Was den Grundton der Bücher angeht, so bin ich ganz deiner Meinung - wie gesagt, der ursprüngliche Filmansatz, der im Vorspann noch leise mitschwingt, dürfte sehr interessant gewesen sein.
Aber handlungstechnisch nutzt der Film - dafür, dass er eben nur auf zwei der Geschichten fußt - seine Vorlage imo eben nicht schlecht aus. Es ist immer schwierig, aus einem Episodenroman einen durchgängigen Film zu schaffen. Alice im Wunderland und Winnie Puuh umgehen das Problem, indem sie die Episodenhaftigkeit beibehalten, Pinocchio und Das Dchungelbuch stellen eine einigermaßen kohärente Filmhandlung vor die absolute Buchtreue. Es ist wohl stark geschmacksabhängig, was einem nun besser gefällt, aber da der Ansatz nun einmal so gewählt wurde, finde ich das Ergebnis nicht schlecht gelungen.

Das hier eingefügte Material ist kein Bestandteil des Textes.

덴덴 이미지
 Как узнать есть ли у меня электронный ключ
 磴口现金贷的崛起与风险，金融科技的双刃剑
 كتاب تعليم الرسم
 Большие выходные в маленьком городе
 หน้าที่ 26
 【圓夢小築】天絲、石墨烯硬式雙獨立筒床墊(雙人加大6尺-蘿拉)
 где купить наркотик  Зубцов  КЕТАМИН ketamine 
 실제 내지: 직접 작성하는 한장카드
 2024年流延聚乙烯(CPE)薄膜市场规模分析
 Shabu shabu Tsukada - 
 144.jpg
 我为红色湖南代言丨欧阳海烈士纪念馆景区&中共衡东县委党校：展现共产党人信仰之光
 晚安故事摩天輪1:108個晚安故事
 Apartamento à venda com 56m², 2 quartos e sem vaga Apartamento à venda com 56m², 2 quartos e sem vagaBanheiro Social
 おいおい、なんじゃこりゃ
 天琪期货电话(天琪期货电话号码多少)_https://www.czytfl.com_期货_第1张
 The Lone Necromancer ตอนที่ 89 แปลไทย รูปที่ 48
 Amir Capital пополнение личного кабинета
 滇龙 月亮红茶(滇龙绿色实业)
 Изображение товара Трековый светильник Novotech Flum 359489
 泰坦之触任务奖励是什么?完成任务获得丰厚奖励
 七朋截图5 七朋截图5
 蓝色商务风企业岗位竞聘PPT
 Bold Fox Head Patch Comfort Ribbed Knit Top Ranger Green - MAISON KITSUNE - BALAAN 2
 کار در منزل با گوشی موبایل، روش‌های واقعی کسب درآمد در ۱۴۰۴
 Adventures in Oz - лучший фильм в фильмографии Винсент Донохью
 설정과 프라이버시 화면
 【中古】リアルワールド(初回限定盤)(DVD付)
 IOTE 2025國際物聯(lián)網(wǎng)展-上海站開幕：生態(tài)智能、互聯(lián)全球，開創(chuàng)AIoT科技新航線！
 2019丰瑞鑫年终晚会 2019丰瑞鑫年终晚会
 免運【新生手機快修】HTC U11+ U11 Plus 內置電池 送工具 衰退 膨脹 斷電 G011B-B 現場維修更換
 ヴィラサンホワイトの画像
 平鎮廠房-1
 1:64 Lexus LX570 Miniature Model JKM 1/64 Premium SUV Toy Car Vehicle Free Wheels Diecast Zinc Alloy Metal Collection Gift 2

Was das w in Mo(w)glis Namen angeht, so handelt es sich dabei ja nur um eine unterschiedliche Schreibweise. In Film wie in Buch wurden alle Namen in ihrer Schreibweise der deutschen Aussprache angepasst, und dabei passt 'Mogli' wohl besser in das Schema als das immer noch englisch auszusprechende 'Mowgli'.

DMJ hat gesagt…

Wie wohl die meisten Leute, kannte ich den Stoff hier auch jahrelang nur über den Film (und habe mich noch gewundert, was das Buch im Titel macht ;) ) und habe die Vorlage erst vor relativ kurzer Zeit nachgeholt.
War doch erstaunlich, wie anders da alles war! Gerade Kaa, der ja im Film ein schräger, aber trotz seiner Hypnosefähigkeiten eher wenig bedrohlich klingender Schurke ist, auf einmal als blutrünstige Superwaffe auf Seiten des Guten zu sehen, war eine ziemliche Überraschung.

Gerade, weil Film und Buch hier aber so absolut auseinandergehen, habe ich auch wenig Probleme mit mangelnder Vorlagentreue. Als Verfilmung würde es wohl tatsächlich ziemlich versagen, aber als solche versucht es sich ja praktisch gar nicht, wie du ja noch mit Infos aus dem Studio ausführst. Wobei mich sicher mit milde stimmt, dass es bis heute einer meiner liebsten Disneyfilme ist.